季語の殺し方「蟬」 ~類想からの脱却術
近年すこしづつ減つてゐる気もするが、夏を代表する虫といへば蟬だらう。虫だけではなく夏といへば蟬といふほどに生活に溶け込んでゐる存在だ。そんな蝉はもちろん俳句にも読まれやすい。油蟬、ミンミン蟬、熊蟬、チッチ蟬、松蟬など種類も多く、蟬時雨なんて素敵な言葉もある。ミンミン蟬は油蟬と同じくらゐメジャーな蟬なのに、例句をほとんど見かけないのは六音の座りの悪さからだらうか。一発逆転を狙ふならどんどんチャレンジしていきたい言葉である。蟬時雨は、一斉に鳴く蟬の声を時雨に見立てた言葉だ。すでに情感過剰なので、蟬時雨を使ふときは平凡なつまらない景をつけるべきだらう。風光明媚なところにつけたのでは、チャーハンをおかずに御飯を食べるやうなものである。
大丸とホテルを繋ぐ蟬時雨 山田弘子
これぐらゐのあつさりした風景がいいねえ。木とか森とか山は詠み尽くされてゐて妙味はまつたくないと言つてよい。ただし僕の好みで言へば、ほどんどが蝉の声でいいと思ふ。鳴き声は蟬の特徴として大いに注目すべきだが、時雨なんて洒落た表現は不要だ。
さうさう、空蟬なんて言葉もあつたな。蟬の抜け柄だ。もう一つ蟬を詠むときの注意は「儚さ」の味付けをしないことだ。蟬は何年も土中で過ごして、地上に出て一週間で死んでしまふ。ああ可哀さう、つて馬鹿か。なんで土中より地上がいいと勝手に決めてんだよ。蟬にとつては土中の方が快適かも知れないぢやん。だいたいこんな地上に何かいいことあるか。
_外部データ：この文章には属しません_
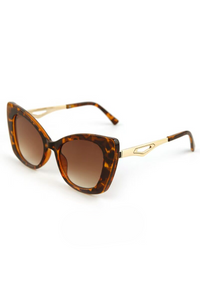 Tortoise Shell Framed Tea Slices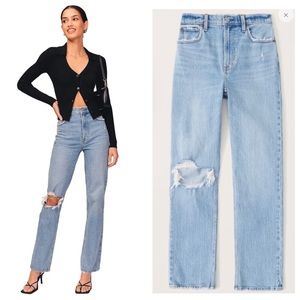 90s straight ultra high rise. Worn once. 24LONG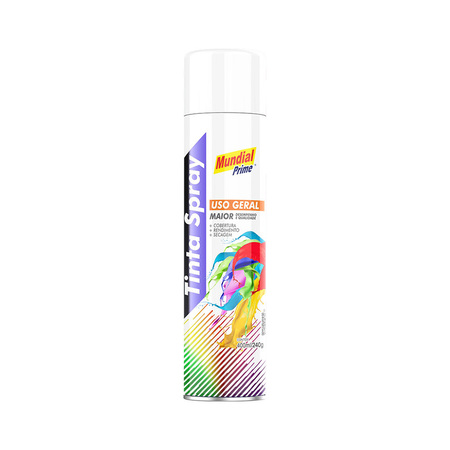 TINTA SPRAY 400ML MUNDIAL PRIME UG BRANCO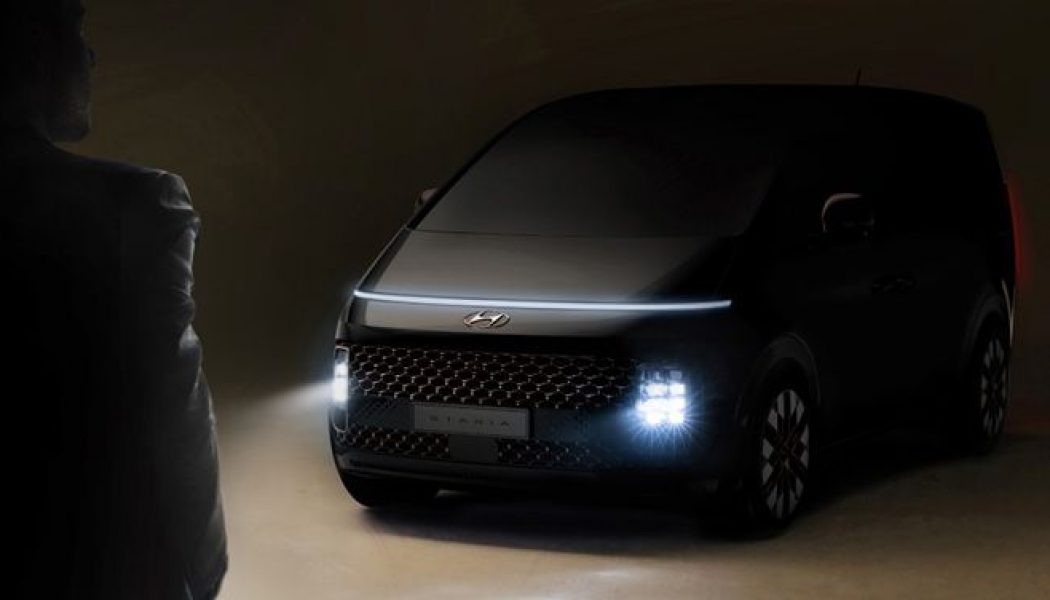 The Hyundai Staria is the coolest-looking minivan in years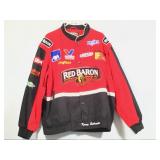 Red Barron Kenny Schrader NASCAR Jacket Sz XL
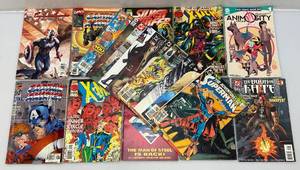 lot 91 image: Misc. Comics Including CAPTAIN AMERICA And More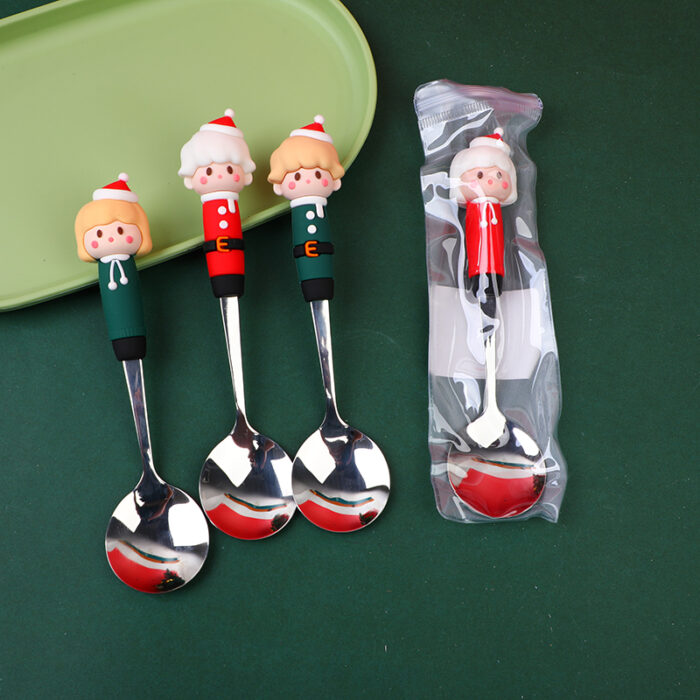 2L3A1731 Χριστουγεννιάτικο Κουτάλι με Κούκλα - Image 1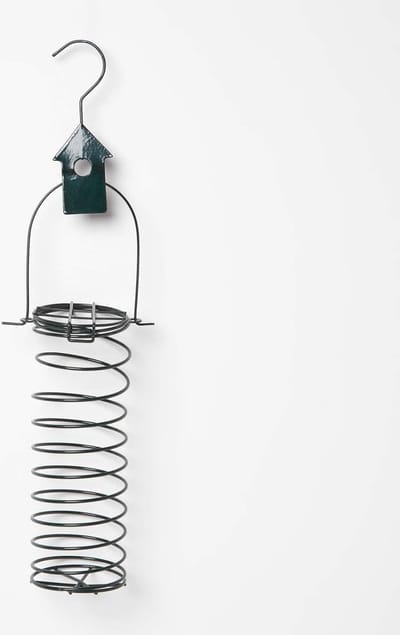 Homescapes Fat Ball Feeder, Vogelhuis Design, Groen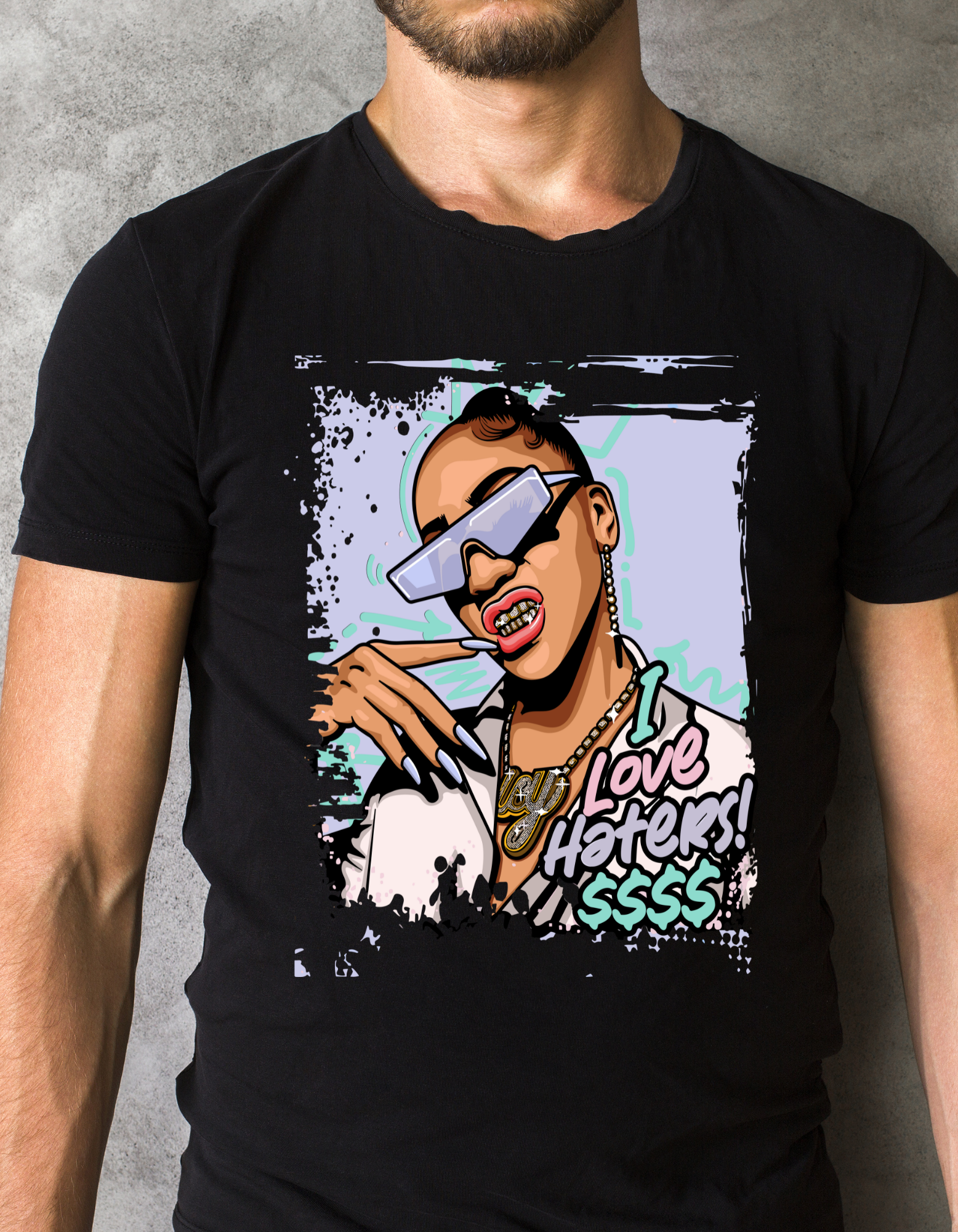 Custom Printed Shirts: I Love Haters $$$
僕が蟬だつたら、一日で絶望して羽根を畳むよ。空蝉を拾つたり、手の上に乗せてみるのも最悪だ。もちろん壊したり、中身がすかすかのことを指摘しても誰も驚かない。また夏の連想で、戦争とつけるのも悪くはないが、儚さが前面に出てしまふと説教臭い句になつてしまふ。
空蟬に静かな水位ありにけり あざ蓉子
水位が上手だなあ。儚さに逃げず命の手触りがある。
有名な蟬の句といへば
しづけさや岩に染みゐる蟬の声 芭蕉
があるな。教科書にも載つてたりするけど、これは覚醒剤の句だと思ふ。「しづけさや」を意訳すると「ああキマッてきたなあ」となる。芭蕉は蟬の声を聴覚ではなく、視覚と触覚で感じてゐるのだ。すべてのものが岩に吸ひ込まれてゆく澄み切つた心境。夏なのに岩は限りなく冷えてゐる。つて蟬の話とだいぶ脱線してしまつた。ただ一つ言へることは体験を重視することの重要性だ。とくに蟬などの、共通のイメージを多く持つものは、イメージにもたれかかると途端に陳腐になることを覚えておけばよい。